Christy "Matty" Mathewson
About This Inductee:
• Factoryville native
• Keystone Academy (1895) and Bucknell University-baseball
• 1898 with Taunton, Mass. of New England League
• 1899 with Southern League’s Norfolk, Virginia team
• Won 20 games as rookie with New York Giants in National Baseball League
• 1905 shut out Philadelphia Athletics 3 times in one week in World Series
• 1908 beat previous endurance records, pitching 425 innings, winning 37 games
• Helped Giants win 5 National League Pennants
• Played in World Series in 1905, 1911-1913
• Holds record for most consecutive innings pitched (68) without walking a batter
• Pitched two no hitters, and 83 shutouts
• At retirement, he held/shared parts of 57 individual, club and league records
• Managed Cincinnati Reds and New York Giants, president of the Boston Braves
• 1936 inducted into Baseball Hall of Fame, Cooperstown, NY
• Inducted into PA Sports Hall of Fame in 1965
Chris as born on August 17, 1880 in Factoryville, PA. Christy’s baseball career spanned over 27 years.
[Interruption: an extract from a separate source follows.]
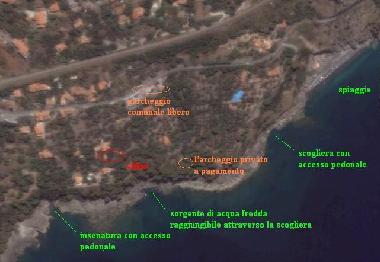 larger view from the sky. Red are the cottages. Green are the nearest places where it is possible to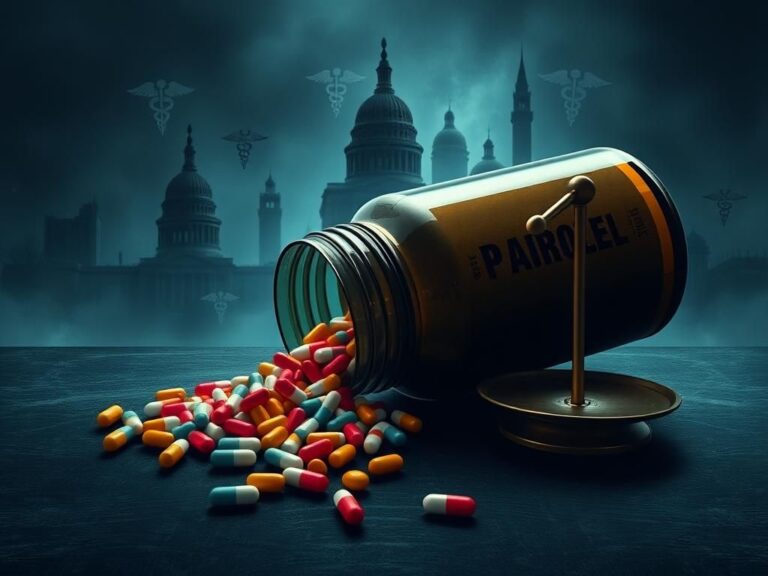 Flick International An artistic portrayal of a large pharmaceutical bottle spilling colorful pills onto a dark surface, symbolizing the corruption of public health by Big Pharma.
Christy began pitching at the age 13 for his hometown team in Factoryville. He earned his first money playing baseball for Mill City, PA in 1895. He entered Keystone Academy in 1895, where he played baseball for the college. After graduating in 1898, he continued his education at Bucknell University, where he made a name for himself in football as well as baseball. Christy signed a contract to play with Taunton, Massachusetts, of the New England League of $90. per month in 1898. The next year, Christy signed a contract with the Southern League’s Norfolk, Virginia team in October of 1899.
The following year he became a member of the New York Giants of the National Baseball League. Christy won 20 games as a 21-year-old New York Giant rookie. His most famous trick pitch was the “Fadeaway.” In 1905, he shut out the Philadelphia Athletics three times within one week during the World Series, scoring his greatest baseball triumph. In 1908, he beat all previous records for endurance by pitching 425 innings, winning 37 games and only losing 11. Christy helped the Giants win five National League Pennants and was in the World Series in 1911, 1912 and 1913, as well as the championship year of 1905. He pitched 16 seasons for the Giants. Christy holds the record for most consecutive innings pitched (68) without walking a baser; he pitched two no hitters-one against St. Louis in 1901 and another against Chicago in 1905. He pitched 83 shutouts in his career. Christy also ranks in the top ten of the all-time strikeout list.
At the time of his retirement, Christy held or shared parts of 57 individual, club and league records. Mathewson’s marks in the record books continue to this day. On his retirement in 1916, Christy began managing the Cincinnati Reds. On August 28, 1918, he left to serve his country in World War I as a captain of the Western Front, where he was hit by a whiff of poison gas. Upon his return from the war, Christy coached the New York Giants from 1919 through 1921. In 1922, Christy became president of the Boston Braves until his untimely death from tuberculosis in both lungs on October 7, 1925. Mathewson was inducted posthumously to baseball’s inaugural class of the Hall of Fame in 1936, with 205 votes of 226 ballots cast (90.71%). Today there is a permanent exhibit dedicating to Christy Mathewson at Keystone College in LaPlume, PA.